Hz. Peygamberimiz (s.a.v) müşriklerin gittiklerinden emin olunca Hz. Ebubekir (r.a.) ile mağaradan çıkarlar. Hz. Peygamberimiz (s.a.v.) uzunca bir süre Mekke'ye doğru baktı ve "Mekke sen benim dünyadaki en güzel şehrimsin. Beni senden ayırmasalar senden asla ayrılmazdım. Bir gün sana mutlaka döneceğim” dedi.

Hz. Peygamberimiz (s.a.v) ve Hz. Ebubekir (r.a) dağdan inip Medine'ye 3 km uzaklıktaki hurma bahçeleri ile ünlü Kuba'ya geldiler. Burada konaklayan Peygamberimiz (s.a.v) Kuba mescidinin yapımında da bizzat bulundu. Birkaç gün sonra tekrar Medine`ye doğru yola çıktılar.

Ranuna Vadisine geldiklerinde orada ilk Cuma hutbesini okudu. Cuma namazını kıldırıp tekrar yola çıktılar.
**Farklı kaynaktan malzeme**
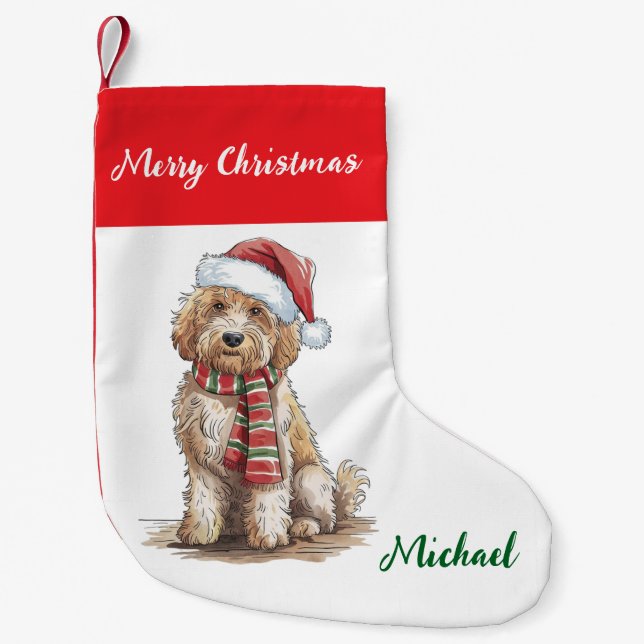 Personalized Goldendoodle Dog in Santa Hat  Small Christmas Stocking (Front)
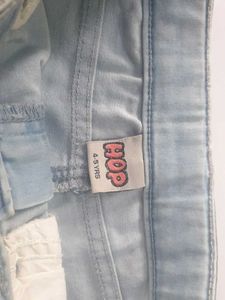 Denim Shorts with Sequin Patches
Yaşanan tüm olaylardan haberleri olan Medineli Müslümanlar günlerdir O'nun yollarını gözlüyorlardı. Onları büyük bir coşku ile karşıladılar.

622 yılında gerçekleşen bu olaya Hicret denir.

Medineli Müslümanlar O'nu evlerine konuk etmek için adeta yarışıyorlardı. O kimseyi kırmak istemiyordu. Çare olarak gri renkli devesini serbest bıraktı. Onun çöktüğü yere en yakın eve konuk olacağına söyledi. Devesi Kasva Hz. Ebueyüp Ensari (r.a)'nin evine yakın yere çöktü. O evde bir müddet misafir kaldı.

Hicret'in Müslümanlar üzerinde bir çok önemi vardır. Müşriklerin türlü baskılarından kurtulan Müslümanlar burada rahatça yaşayıp İslamı yaymaya başladı.

Mekke'den sonra İslam dünyasının ikinci kutsal-şehri olan Medine İslam'ın dünyaya yayıldığı yer olarak kabul edilir. İslam dünyasının başkentidir. Burada ilk kez İslam devletinin temelleri atıldı. İslami ekonomi modeli kuruldu, İslam devletinin temelleri oluştu.